Dutch Court: 'Crimea artefacts must be returned to
Ukraine'
(Vatican Radio) A Dutch court has ruled that a trove of
historical artefacts being held by an Amsterdam museum must be returned to
Ukraine and not to four museums in Crimea, which loaned them out for an
exhibition in 2014. The decision is aimed at ending a cultural tug-of-war
triggered by Russia's annexation of Crimea.
Wednesday's ruling by the District Court of Amsterdam came
after Russia's annexation of Crimea in 2014 left treasures in a legal limbo.
Both the Crimean museums and Ukraine demanded the return by Amsterdam's Allard
Pierson Museum of some 300 stunning historical artefacts.
The museum had borrowed them for a 2014 exhibition that
opened a month before the annexation.
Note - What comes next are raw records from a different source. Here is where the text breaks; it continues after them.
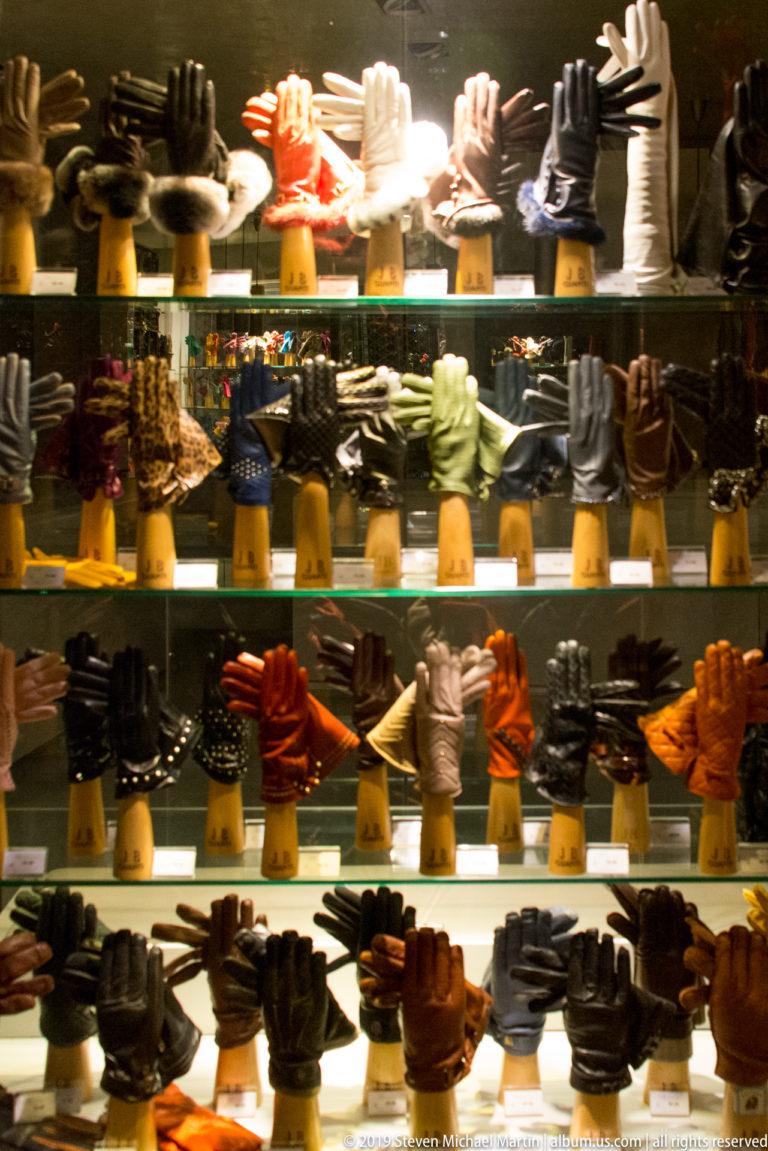 Rows of black, brown, red, white, and colored leather gloves displayed on hand forms in a brightly lit shop window.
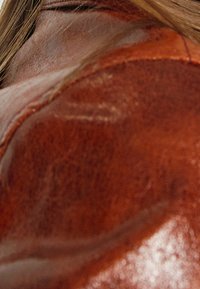 Brun läderaxelväska med en slät, glänsande yta. Synlig sömnad längs sömmarna och en antydan av hår på toppen.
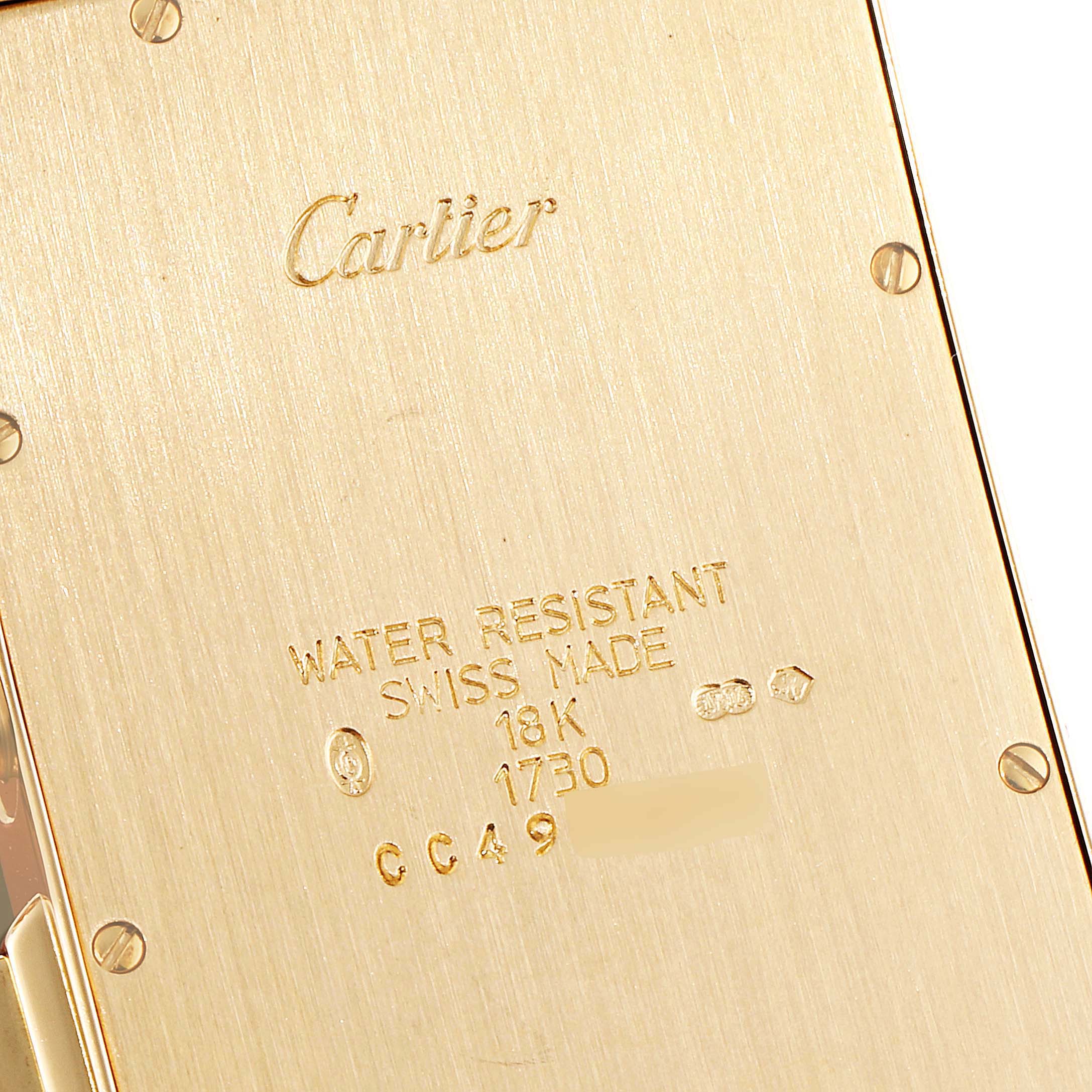 This image shows the back case of a Cartier Tank Americaine W2601156 Men
s Yellow Gold Silver Dial W2601156 Men
s Yellow Gold Silver Dial watch, highlighting its engravings and gold finish.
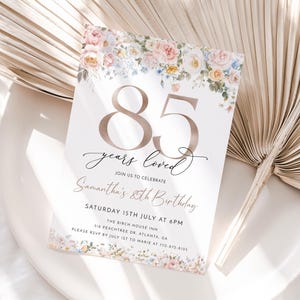 May include: An invitation card for an 85th birthday, with floral decorations. The text reads "85 years loved" and includes event details. The card is set on a white plate with a dried palm leaf.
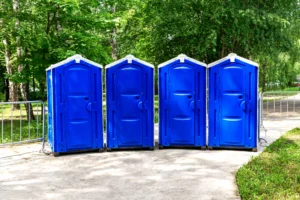 A portable toilet creates an eyesore at an event because of incorrect placement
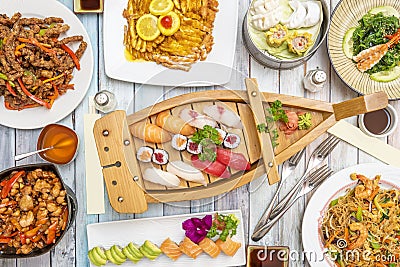 Sushi and Chinese food plates viewed from above, minced chicken fillets in lemon sauce. Bluefin tuna, butterfish, Norwegian salmon Stock Photo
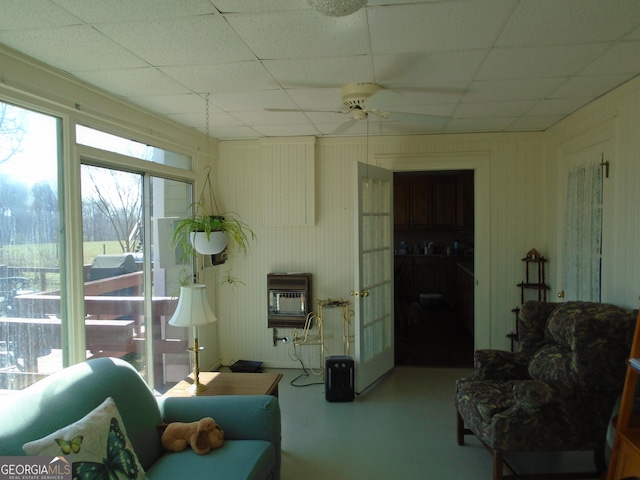 living area with heating unit, a paneled ceiling, concrete floors, and ceiling fan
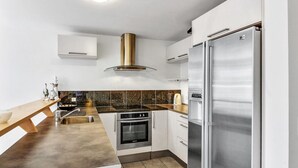 Uma cozinha moderna com geladeira de aço inoxidável, forno embutido e fogão a gás.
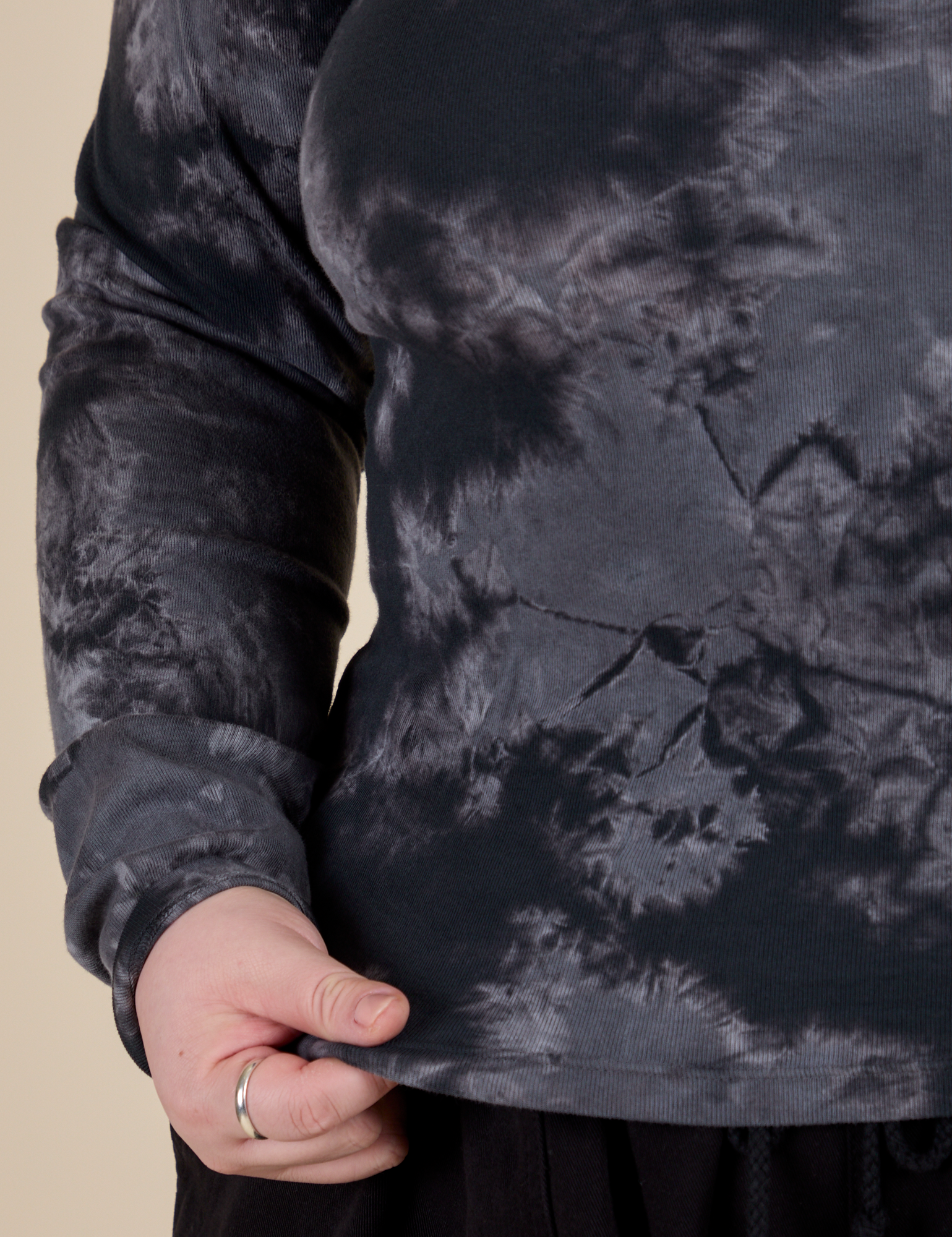 Close up of Long Sleeve Baby Tee in Black Magic Waters on Ashley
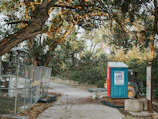 Technicians installing a Geoflush bio toilet at a remote village location.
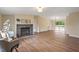 Bright living room with fireplace and sliding door access to the backyard at 101 Hunter Fld, Sanford, NC 27332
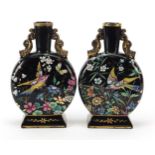 Attributed to Moser, pair of Bohemian glass moon flasks enamelled with birds amongst flowers, each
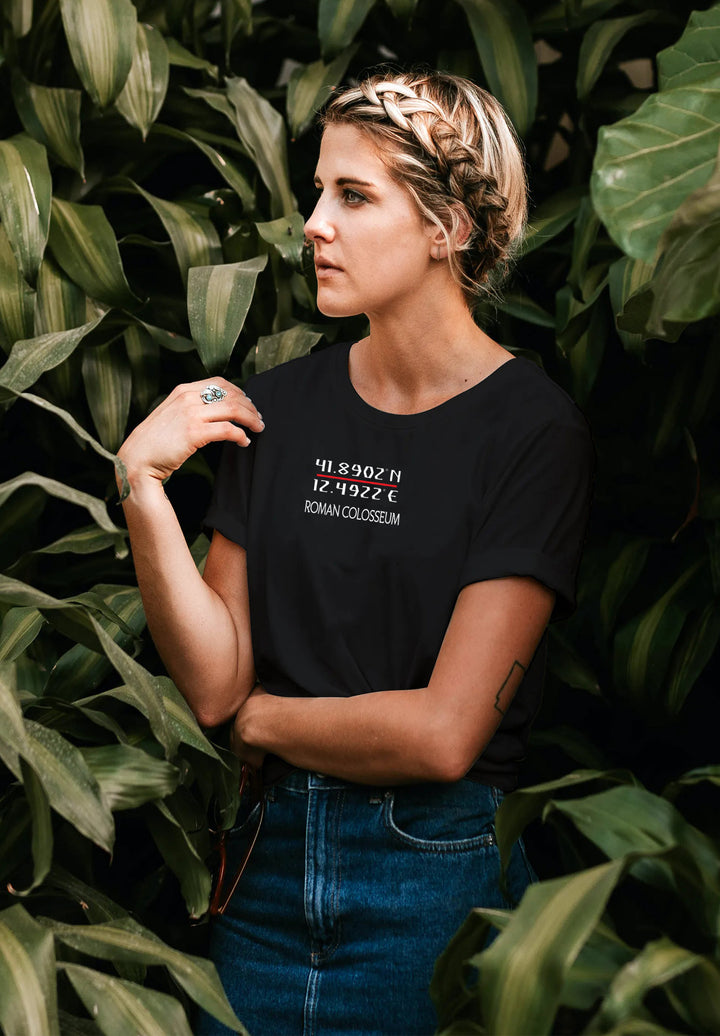 Amid lush greenery, she stands adorned in a black T-shirt, a harmonious blend of nature's backdrop and her effortless style.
However judge Mieke Dudok van Heel ruled
that the artefacts should be returned to Ukraine, in part because Crimea is not
recognized as a separate country.
She explained "that the Crimean museums take the
position that the Crimean treasures belong to the cultural heritage of Crimea,
or the Autonomous Republic of Crimea."
However, she said, "neither Crimea, nor the Autonomous
Republic of Crimea are sovereign states. It is certain that the Autonomous
Republic of Crimea was anyway, at the moment of the export of the Crimean
treasures, part of the sovereign state of Ukraine."
The Amsterdam court's decision was a clear victory for
Ukraine, the court said that the treasures should remain in storage in
Amsterdam pending the outcome of a possible appeal. While Kiev was celebrating,
authorities in Crimea quickly announced they would appeal, calling the ruling
"another politicized, wrong decision which contradicts the laws."